Bob Barr To Attempt Worst Comeback Tour Since Great White

Speaking of theresurrection of hateful twats, did you guys hear that Bob Barr wants to return to Congress? America had a very close call last year with the state of Georgia, when human-shaped fluffernutter Newt Gingrich came within a couple of thousand delegates of being the GOP’s nominee for president instead of whatshisname, the guy with the hair. Then Saxby Chambliss, a man we know must be horrible because the NRA loves him, announced his retirement from the Senate. Perhaps America would get lucky and he would be replaced with someone who is not a total cockwagon?
Sadly, no such luck. Georgia congressmen Phil Gingrey and Dr. Paul “Modern Medicine Is a Lie From the Pit of Hell” Broun both announced they would run for Chambliss’ seat, and whichever wins the GOP nomination is likely to win the general.
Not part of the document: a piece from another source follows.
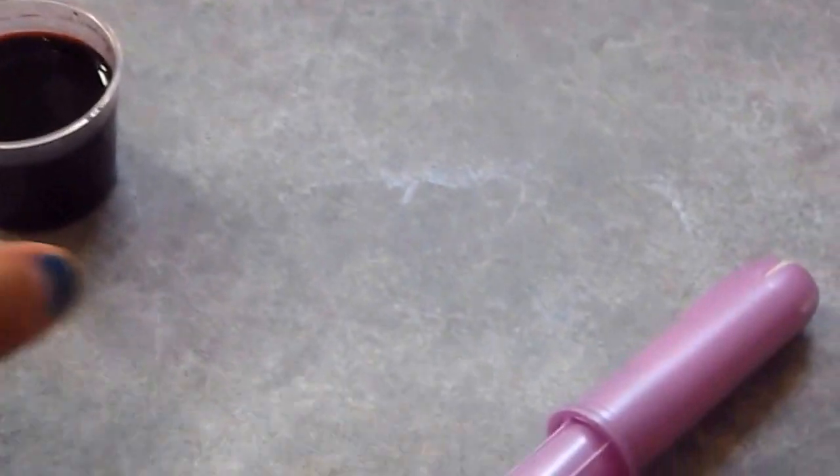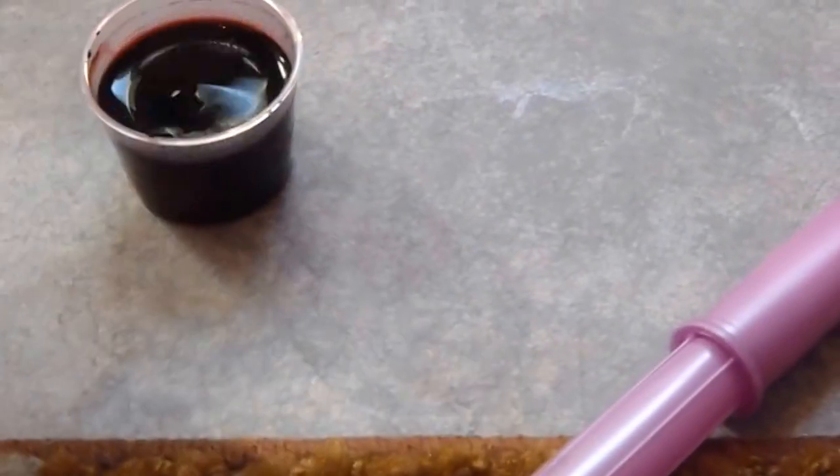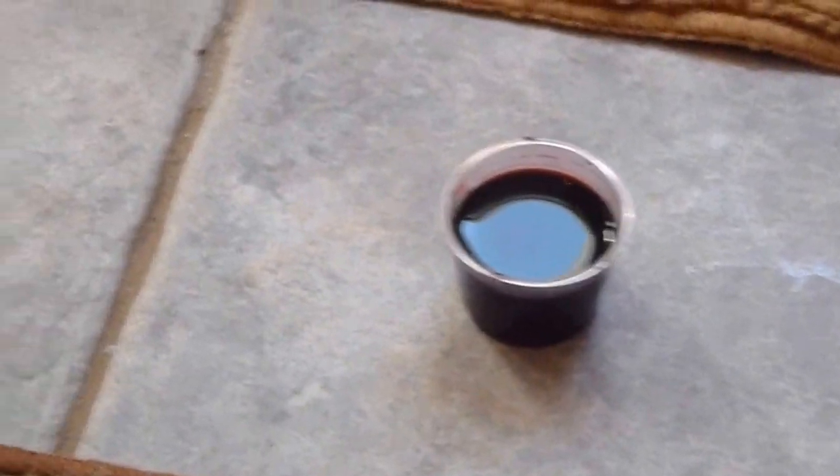Now for the absorbency test. I have some dye — it looks black but it's actually a reddish color. I have to get this off because it's going to stain my finger. I have about 30 milliliters of it. I had it for another project where I was trying to make it look like actual blood. So I have about 30 milliliters for the test.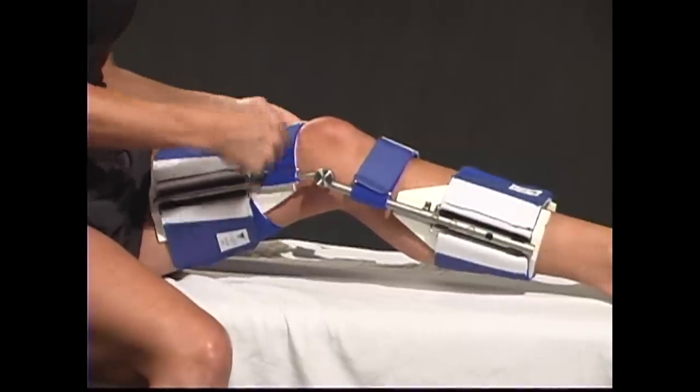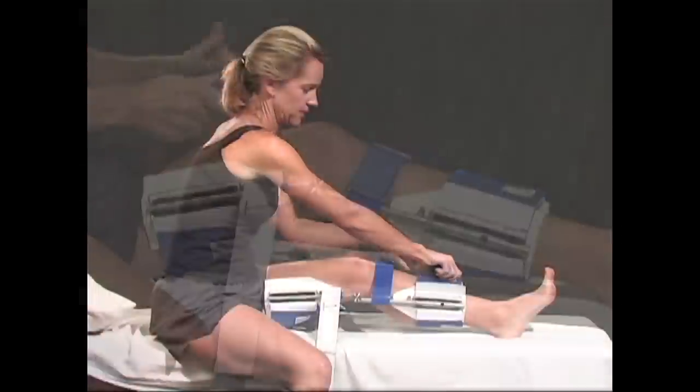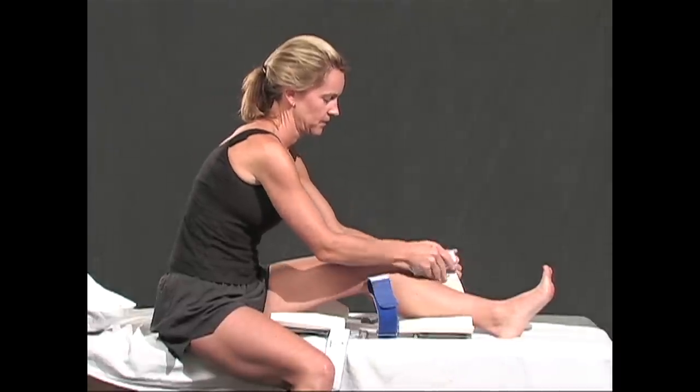In order to remove your DynaSplint, simply open the front straps and cuffs, then slide the splint out from under your leg.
Then, just to prove that there is a comedy god and She loves yr Wonkette, old dour-faced shitheel Bob Barr announced he will run for Gingrey’s seat in Georgia’s 11th District.
Everyone remembers Shitheel Bob Barr, right? Former Georgia congressman, a staunch conservative, anti-drug warrior who chased Bill Clinton’s penis all over Washington even while fending off allegations of infidelity of his own (he was accused of having cheated on his second wife with the woman who became his third and no, we are not mixing him up with Newt Gingrich, who did the same thing). Then he became a libertarian and reversed himself on a whole bunch of positions. Now he wants to run on a Republican ticket but while taking libertarian positions like that the drug war is a terrible failure (which it is) and DOMA, which he wrote, should be struck down (good) and the gay-marriage issue devolved to the states (sorry gays in Georgia, Mississippi, et al.)
Basically, Bob Barr wants to return to the House as your new Ron Paul, but without the charm. On the plus side, he has hired the guy who made this...thing in California a few years back so Georgians will have a reason to keep their sodium-laden carcasses parked in front of the TV instead of heading back to the refrigerator every time the Falcons game cuts to commercial.
Oh Georgia, you are shaping up to be our most funnest state of the 2014 campaign.